Unittests with simple examples of unary nodes may help.
We should test whether this is because the unary nodes created by tsinfer are rubbish, or because tsdate copes badly even with sensible unary nodes. The easiest way to do this is to run a an msprime simulation with record_full_arg=True, which should result in a load of unary nodes in the correct place.
Discovered a simple test which, I think, breaks our handling of unary nodes.

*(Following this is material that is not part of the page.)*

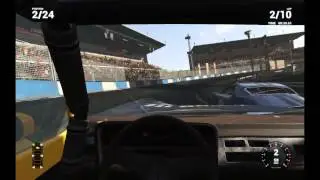 Wreckfest action on the asphalt figure 8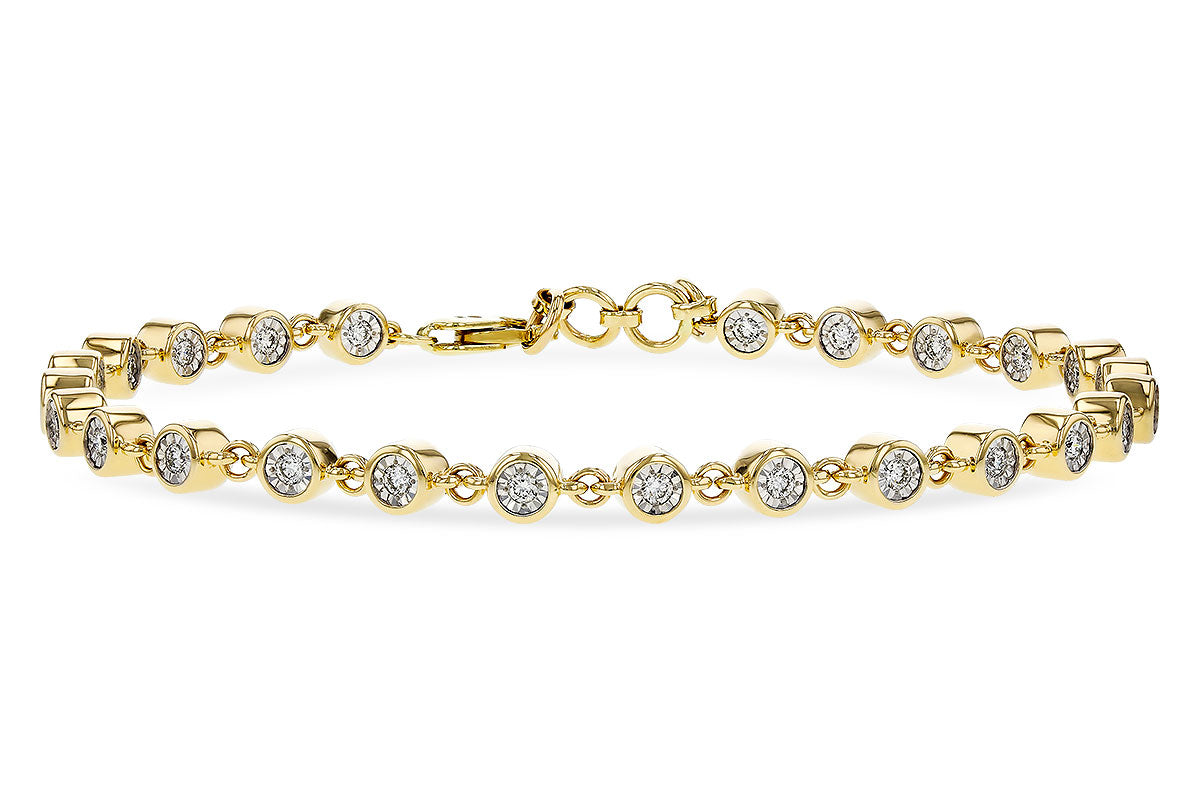 Allison Kaufman Illusion-Set Diamond Tennis Bracelet in 14K Yellow Gold, 0.70 ctw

It at least breaks the verify_weights() test.
def two_tree_ts_with_unary_n3():
r"""
Simple case where we have n = 3 and node 5 is internal unary, then
the oldest node and unary.
6 . 5
/ \ . |
4 5 . 4
| | . / \
3 | . 3 \
/ \ | . / \ \
[0] [1] [2] . [0] [1] [2]
"""
nodes = io.StringIO("""\
id is_sample time
0 1 0
1 1 0
2 1 0
3 0 1
4 0 2
5 0 3
6 0 4
""")
edges = io.StringIO("""\
left right parent child
0 2 3 0,1
0 1 5 2
0 2 4 3
0 1 6 4,5
1 2 4 2
1 2 5 4
""")
return tskit.load_text(nodes=nodes, edges=edges, strict=False)
I've included it in PR #141 as a skipped test
Just discussed this with @hyanwong: at a marginal tree when there is an edge with unary nodes, we assign a mutation uniquely to one edge within the lineage containing unary node. So when we simplify we probably do ok because we squash unary nodes and don't pretend we know where the mutations go. Perhaps we can't do better?
We know why this is (too much constraint), so closing.